Personal information
- Full name: Audley Mervyn Archdall
- Born: 6 June 1825 Ballycassidy, County Fermanagh, Ireland
- Died: 27 February 1893 (aged 67) Newent, Gloucestershire, England

Domestic team information
- 1851: Gentlemen of Kent
- FC debut: 30 June 1851 Gentlemen of Kent v Gentlemen of England

Career statistics
| Competition | First-class |
| Matches | 1 |
| Runs scored | 0 |
| Batting average | 0 |
| 100s/50s | 0/0 |
| Top score | 0 |
| Catches/stumpings | 0/– |
- Source: CricInfo, 18 October 2008

= Audley Archdall =

Audley Mervyn Archdall or Archdale (6 June 1825 – 27 February 1893) was an Irish amateur cricketer.
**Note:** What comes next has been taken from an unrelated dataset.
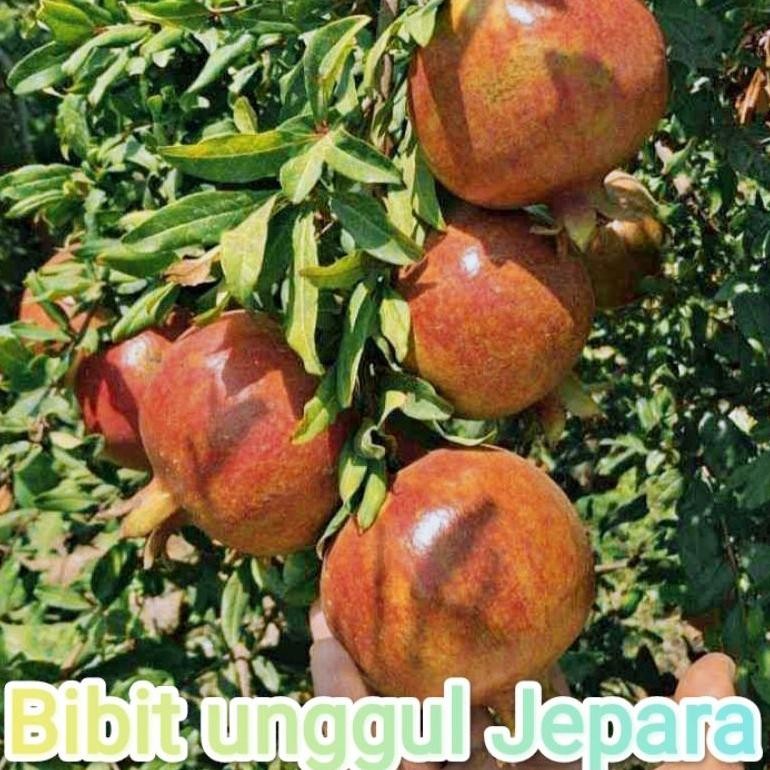 BIBIT BUAH DELIMA SUDAH BERBUAH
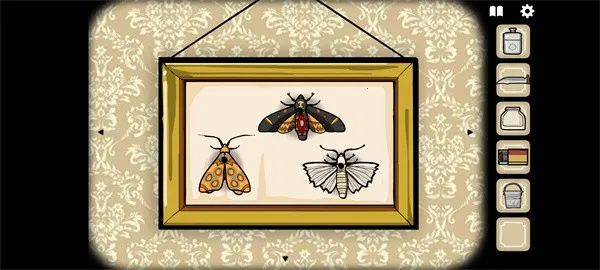 ����Ƶ�(���ո�����Ϸ)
He was born at Riversdale House near Ballycassidy in County Fermanagh in 1826 and educated at King William's College on the Isle of Man. Archdall's father was Edward Archdale, a Justice of the Peace (JP) and Deputy Lieutenant who had been High Sheriff of Fermanagh and had built Riversdale House close to the Archdale family seat, Castle Archdale.

Archdall served in the Royal Artillery (RA). He was commissioned as a second lieutenant in December 1844 and rose to the rank of captain by the time he left the army in 1855.

Archdall made his sole first-class cricket appearance for the Gentlemen of Kent against the Gentlemen of England in 1851 whilst he was serving with the RA. He is also known to have played non-first-class cricket for Royal Artillery Cricket Club, I Zingari and the Gentlemen of Devon.

Archdall married Sybilla Miles in 1854 and lived at Ledbury in Herefordshire, serving as a JP for the county. The couple had five children. He reverted to the spelling of his surname as Archdale in around 1875. Archdall died at Newent in Gloucestershire in February 1893 aged 67.